[Items listed in a dataset]
= = = = = = =

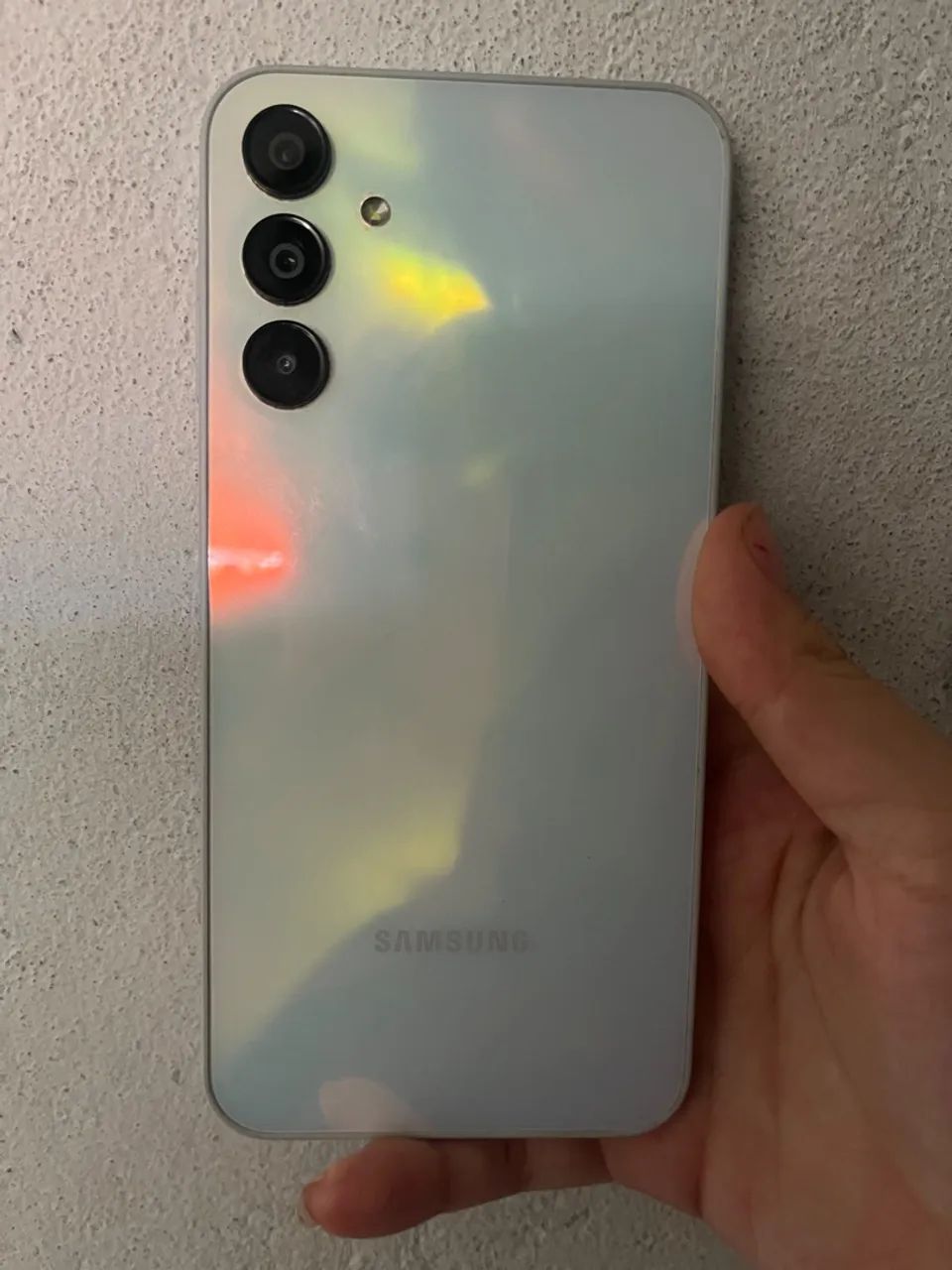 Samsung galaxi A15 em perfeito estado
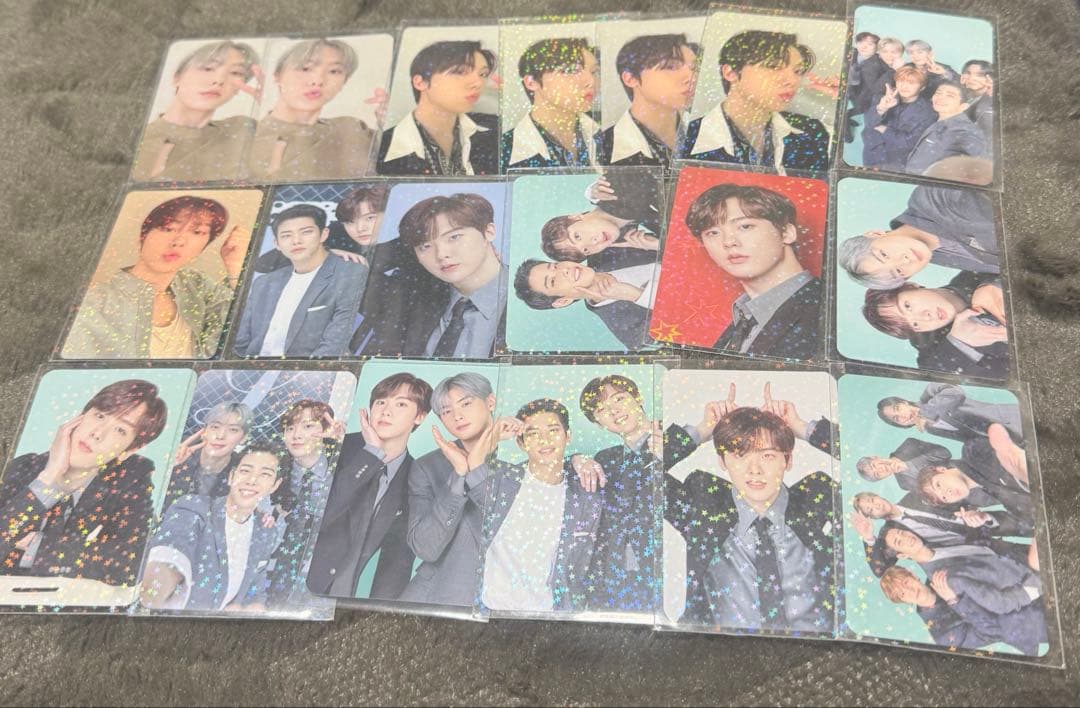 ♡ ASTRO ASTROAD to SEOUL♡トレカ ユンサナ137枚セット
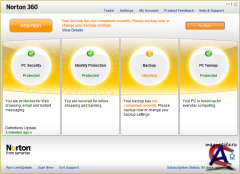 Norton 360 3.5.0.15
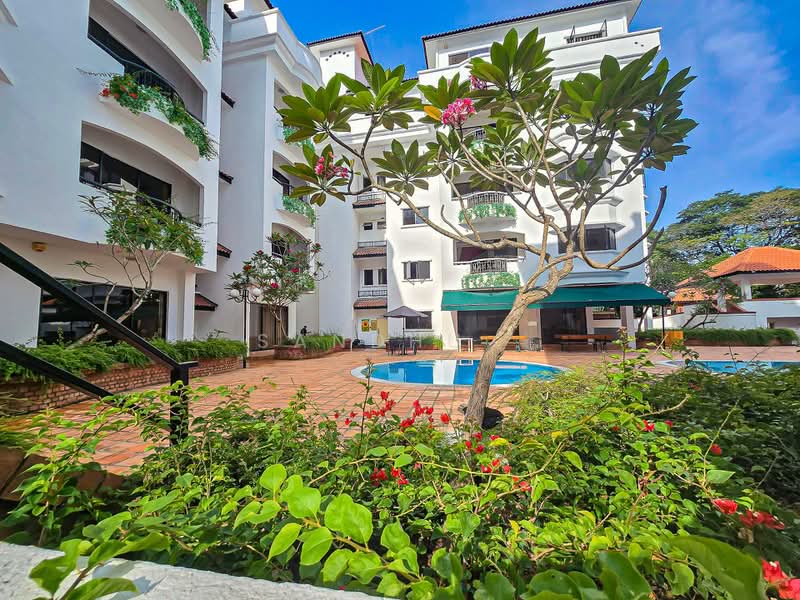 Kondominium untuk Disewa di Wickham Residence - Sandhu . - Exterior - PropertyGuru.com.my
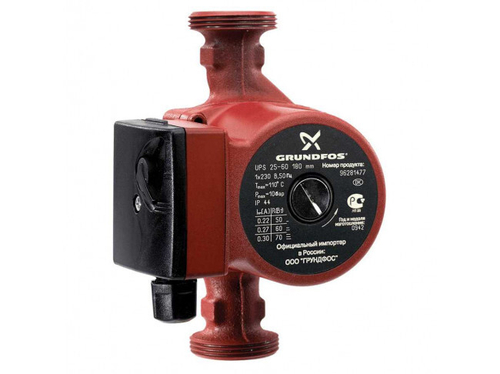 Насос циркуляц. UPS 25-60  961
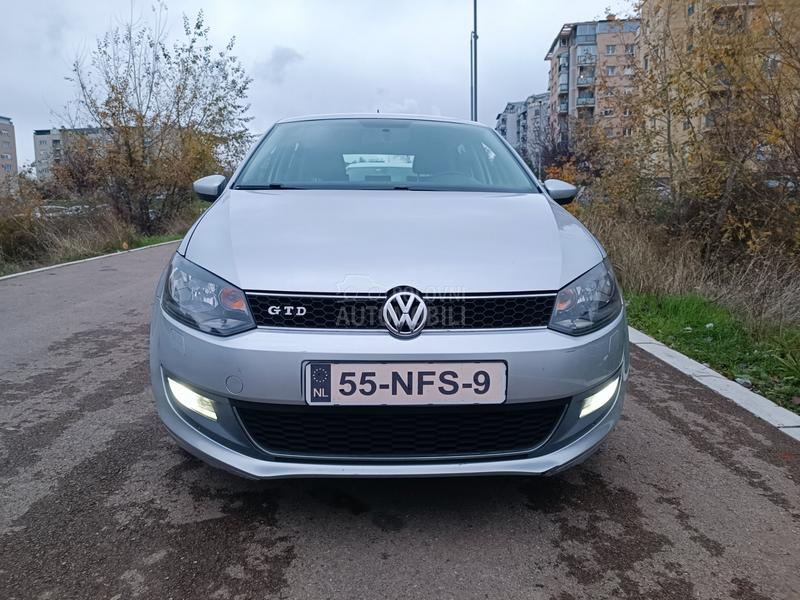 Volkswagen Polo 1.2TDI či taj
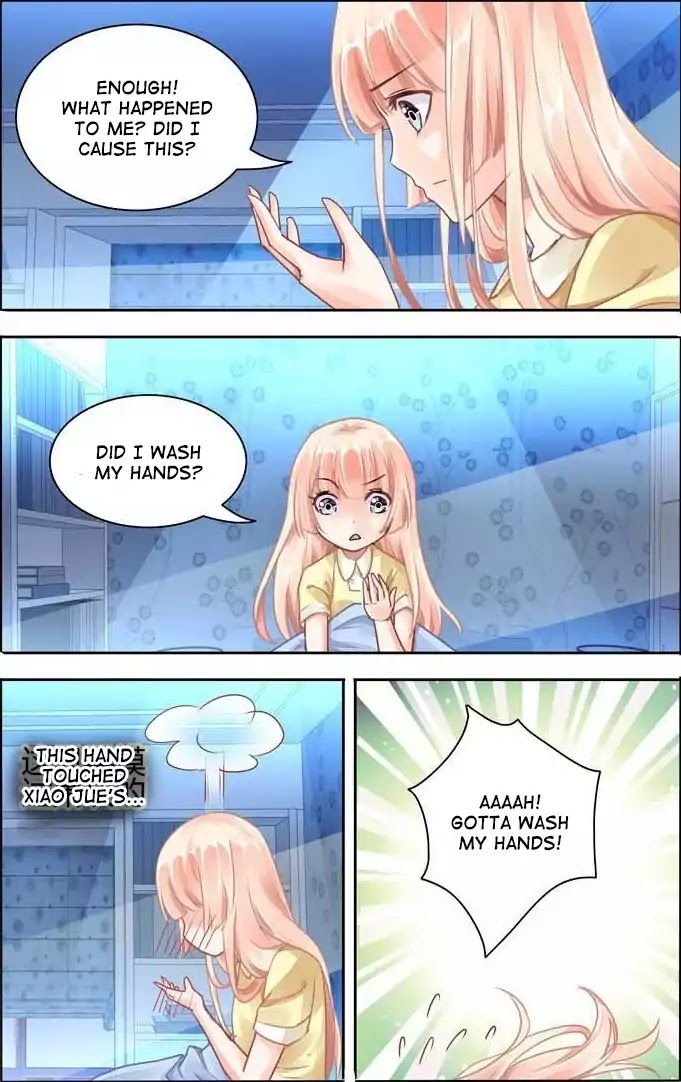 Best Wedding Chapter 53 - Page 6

= = = = = = =

● **AIM OF THE TASK**
Output the records above unchanged, minus their pictures.

● **YOUR RESPONSE**
 Samsung galaxi A15 em perfeito estado
 ♡ ASTRO ASTROAD to SEOUL♡トレカ ユンサナ137枚セット
 Norton 360 3.5.0.15
 Kondominium untuk Disewa di Wickham Residence - Sandhu . - Exterior - PropertyGuru.com.my
 Насос циркуляц. UPS 25-60  961
 Volkswagen Polo 1.2TDI či taj
 Best Wedding Chapter 53 - Page 6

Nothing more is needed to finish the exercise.